For the moment, yes, and we'll handle the future when we get there....

 

Do you mind my asking what the dosage is of Klonopin that you're taking now?

2mg/day, which is the dose I was stable on from 1999-2004. I had initially pushed for a rapid ramp to that dose; my doctor didn't like that at started me at 0.5. The lower dose really did NOT agree with me; after 2 weeks I felt STRONGLY like I was in withdrawal (sweating, worse insomnia, obsessive thinking) and that was when I almost gave up. My psychologist suggested that since I'd already bitten the bullet and started on this path, maybe I should try my "old" dose for a bit before deciding the experiment was a failure. Within 3 days at 2mg I'd "stabilized", and even though there is an ebb and flow (and certainly I still have tinnitus), it hasn't gotten "bad". I've radically radically cut my alcohol consumption to 0-2 drinks a day; after a period of barely drinking at all, post benzo, and then years of having to really constantly monitor my intake... the desperation of the situation I was in had me drinking far too much, on and off -- which was both much less effective, and also, IMO, probably worse for my body/brain than a benzo is.

 

In addition to the klonopin and gabapentin I am using fairly significant amounts of cannabis (which is both legal here and basically free, as I can self-produce). I've tried all of these things in isolation and various combinations, and my take is that the cannabis is doing something synergistic, which may be making the Klonopin more effective.

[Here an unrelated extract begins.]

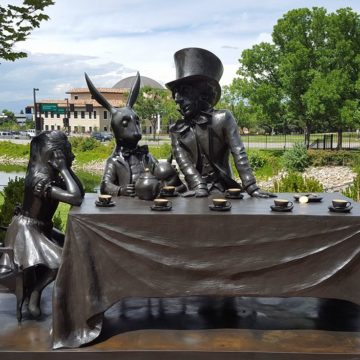 Bronze sculpture depicting the mad tea party from Alice in Wonderland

All of this makes me very nervous, but my psychologist thinks that cannabis is the least of my worries, Gabapentin is not that hard to withdraw from (I agree, having done it twice) and that yes, benzos are scary and dangerous and an absolute bear to get off of - but he (and I) continue to believe that I'm making all kinds of progress in therapy on stuff that was just impossible for me to even think about when I was just in piercing-metal-shop hell land.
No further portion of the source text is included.